普通の人は国家という船の操縦法を知らない、だから民主主義は成り立たない。言ったのはプラトン。2350年以上前のことである。普通の人は経済、軍事戦略、外国の事情、法律や倫理といったわかりにくい複雑な問題に精通してはいない。彼らがそういった知識を得たいと思っているわけでもない。殆どの人が、まじめな勉学に必要な努力とか自制とかいったものに、興味を示さない。無知のせいで、外見や不明瞭な会話で騙すような政治家に投票し、 なにが起きているかもわからないために政権の言うままになる。注意深い分析もせず不合理な感情に操られ、冒険的な戦争に突き進み、防ぐことのできる敗戦にいたる。それでもいいのか。そんなことが、2350年以上前に討論されていた。
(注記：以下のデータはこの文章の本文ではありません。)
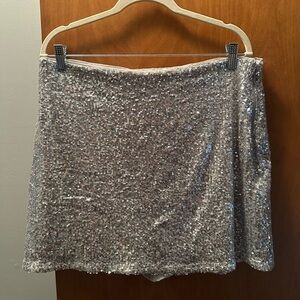 Abercrombie & Fitch Silver Sequin Mini Skirt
今の状況はもっと複雑だ。指導者の殆どが異常に忙しい。考える時間すらない。情報は溢れ、どの情報が信頼できるものなのかも定かでない。自然の成り行きとして、あらゆる判断が危ういものになる。いい加減なことを言う人を信じ、もっともらしく聞こえる耳にさわりの良い論理を選ぶ。隣国と仲良くするよりは仲違いするほうが勇ましい。保守はみんな悪にみえる。変化は正しい。本当だろうか。

民主主義はそんなに素晴らしいものではない。そう言うと、ではと言われる。では、民主主義に代わるものはなんなの?代わるものなしに素晴らしくないなんていうものじゃない。

人権なんてキリスト教の考え方の延長でしかない。そう言って何人もの人を怒らせた。感情的になることでもないのに。自由、平和、愛。そんなものも含め、疑問を持ち続けて考えていきたい。